Leituras para distrair
Recebi
a foto de um kit, que o remetente ironicamente identificou como “kit Jorge”, contendo
uma lata de pinga Pitú e alguns cajus. Gostei da brincadeira e fiz alguns
comentários.
Eu não
pratico tanto, mas gosto de um caju amigo. Uma peça carnuda de caju cortada em
filés sobre uma tábua de madeira, uma boa pinga, e o momento máximo: mastigar
um filé de caju e, em seguida, degustar a pinga. Uma delícia! Ainda que
possa ser um atentado contra a saúde.
Conheço
pessoas que invertem o ritual. Primeiro a pinga e, depois, o caju como um
tira-gosto. Não é o meu caso, mas é besteira discutir este detalhe. Vale o
prazer.
Não é um ritual para se praticar sozinho. Eu e um antigo companheiro, cujo contato perdi, praticávamos o caju amigo em uma pequena propriedade que tive e que chamávamos de “sitio”.
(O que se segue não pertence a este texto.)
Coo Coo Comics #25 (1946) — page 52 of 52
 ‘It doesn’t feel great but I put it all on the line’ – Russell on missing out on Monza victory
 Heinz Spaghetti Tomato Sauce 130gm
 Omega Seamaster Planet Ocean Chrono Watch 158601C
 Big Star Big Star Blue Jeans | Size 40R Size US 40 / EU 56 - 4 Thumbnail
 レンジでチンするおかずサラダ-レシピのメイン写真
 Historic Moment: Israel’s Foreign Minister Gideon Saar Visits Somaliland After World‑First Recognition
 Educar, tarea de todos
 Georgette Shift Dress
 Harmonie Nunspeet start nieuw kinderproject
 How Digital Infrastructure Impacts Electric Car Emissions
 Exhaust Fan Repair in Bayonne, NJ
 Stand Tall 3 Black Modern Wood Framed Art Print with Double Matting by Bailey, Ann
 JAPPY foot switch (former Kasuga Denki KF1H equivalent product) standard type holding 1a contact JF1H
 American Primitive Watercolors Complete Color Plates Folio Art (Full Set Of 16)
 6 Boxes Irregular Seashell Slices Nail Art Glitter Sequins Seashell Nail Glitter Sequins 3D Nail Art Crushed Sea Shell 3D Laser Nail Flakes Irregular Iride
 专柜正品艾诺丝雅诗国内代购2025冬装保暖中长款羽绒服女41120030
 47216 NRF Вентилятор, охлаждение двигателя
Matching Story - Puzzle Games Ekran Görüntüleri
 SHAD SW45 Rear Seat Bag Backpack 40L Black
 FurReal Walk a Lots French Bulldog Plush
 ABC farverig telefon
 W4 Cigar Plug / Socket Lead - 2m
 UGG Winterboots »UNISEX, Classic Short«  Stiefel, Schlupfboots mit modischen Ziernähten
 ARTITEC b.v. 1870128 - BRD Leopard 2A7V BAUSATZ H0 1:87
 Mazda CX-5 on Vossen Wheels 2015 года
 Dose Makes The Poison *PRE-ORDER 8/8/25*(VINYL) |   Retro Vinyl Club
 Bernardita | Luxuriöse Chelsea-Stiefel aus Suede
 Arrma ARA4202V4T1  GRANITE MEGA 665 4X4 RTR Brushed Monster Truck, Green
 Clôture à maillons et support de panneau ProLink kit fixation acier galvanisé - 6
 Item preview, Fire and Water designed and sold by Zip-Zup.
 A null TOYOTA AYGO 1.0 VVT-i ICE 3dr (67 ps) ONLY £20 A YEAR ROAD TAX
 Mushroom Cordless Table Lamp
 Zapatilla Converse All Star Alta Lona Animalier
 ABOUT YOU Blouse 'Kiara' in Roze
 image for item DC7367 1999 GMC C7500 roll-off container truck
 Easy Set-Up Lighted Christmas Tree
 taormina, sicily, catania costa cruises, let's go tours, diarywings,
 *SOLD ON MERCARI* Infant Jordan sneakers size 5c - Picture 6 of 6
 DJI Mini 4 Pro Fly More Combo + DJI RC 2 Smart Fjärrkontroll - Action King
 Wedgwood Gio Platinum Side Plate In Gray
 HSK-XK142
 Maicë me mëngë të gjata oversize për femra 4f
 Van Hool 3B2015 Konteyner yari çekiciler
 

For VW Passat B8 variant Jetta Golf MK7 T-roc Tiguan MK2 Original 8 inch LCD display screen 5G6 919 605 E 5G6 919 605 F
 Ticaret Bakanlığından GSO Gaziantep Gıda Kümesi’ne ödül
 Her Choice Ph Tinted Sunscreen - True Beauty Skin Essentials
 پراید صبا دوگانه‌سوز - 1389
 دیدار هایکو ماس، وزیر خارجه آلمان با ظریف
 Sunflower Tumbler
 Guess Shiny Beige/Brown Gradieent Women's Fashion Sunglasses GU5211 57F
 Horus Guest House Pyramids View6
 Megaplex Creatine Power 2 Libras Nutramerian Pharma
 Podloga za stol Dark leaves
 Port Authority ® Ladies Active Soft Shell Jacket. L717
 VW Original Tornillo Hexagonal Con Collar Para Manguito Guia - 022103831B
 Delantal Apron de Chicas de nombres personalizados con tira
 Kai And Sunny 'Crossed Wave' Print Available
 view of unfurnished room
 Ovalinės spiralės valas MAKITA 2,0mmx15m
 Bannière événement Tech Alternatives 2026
Não é um ritual para se praticar sozinho. Eu e um antigo companheiro, cujo contato perdi, praticávamos o caju amigo em uma pequena propriedade que tive e que chamávamos de “sitio”.
O caju
amigo me traz duas lembranças especiais. Uma delas, como não deixaria de ser, é
gonçalense. Ainda estávamos no colegial, lá em São Gonçalo, quando íamos ao bar do Adelino, na Vila (Zé Garoto), e bebíamos um caju
amigo, eu e o meu querido e falecido compadre. Lá o caju não era servido em
filés, era espremido em um copo do mesmo tipo onde era servida a pinga. Copo
simples, de fundo alto, antes era chamado copo de cachaceiro, hoje é chamado de
shot. Ali, em pé, no balcão, bebíamos em dois goles. Meu compadre bebia
primeiro a cachaça, eu bebia primeiro o caju, a pinga ia em seguida. Hoje o Adelino seria preso por vender bebida alcoólica a menores. As
conversas, as piadas, as expressões e comentários eram sempre os mesmos. Tudo
fazia parte do ritual. Um dos tantos rituais que consagraram uma amizade que só
me trouxe felicidade.
Outra
lembrança é de uma tarde em um local distante, uma quase esquecida estação da
Embratel, em Boa Vista, Roraima, ou Macapá, Amapá. A memória é falha, e nunca
mais voltei lá. Era uma estação dos antigos sistemas de tropodifusão com suas
antenas lindas, erguidas como enormes muralhas de metal no espaço e que
pareciam peças de ficção científica. Poucos profissionais de telecomunicações tiveram a oportunidade de conhecer aqueles equipamentos que eram a alternativa de comunicações na amazônia antes do advento do satélite.
O
terreno lateral ao da estação continha vários cajueiros e uma mangueira enorme com uma sombra magnífica. Grande o suficiente para abrigar uma birosca e
alguns bancos de madeira. Nada em volta, só mato e a casa do caseiro da estação. Não sei
de onde saía a clientela da birosca. Terminamos o trabalho e fui levado para
conhecer a birosca e o caju amigo. Uma pinga deliciosa e os tamanhos dos cajus
eram impressionantes, pelo menos para mim. Tudo se ajustava naquela
tarde, parecia um momento ensaiado. Estávamos eu, um companheiro da engenharia de Belém,
outro colega do Rio e o pessoal da estação local. O resto não preciso relatar,
nem conseguiria. Basta fechar os olhos e deixar a imaginação fluir deliciosa
como flui um caju amigo.
Sobre
o kit para caju amigo, eu já o vi no supermercado próximo ao Largo do Machado,
aqui, no Rio. Achei interessante, embora eu não goste muito do sabor da
Pitú, uma pinga pernambucana reconhecida internacionalmente. Não sei se existe
alguma Pitú especial. A comercial eu não gosto. Porém, gosto não se discute, mais
vale um gosto do que dez vinténs, como dizia a minha avó Olga.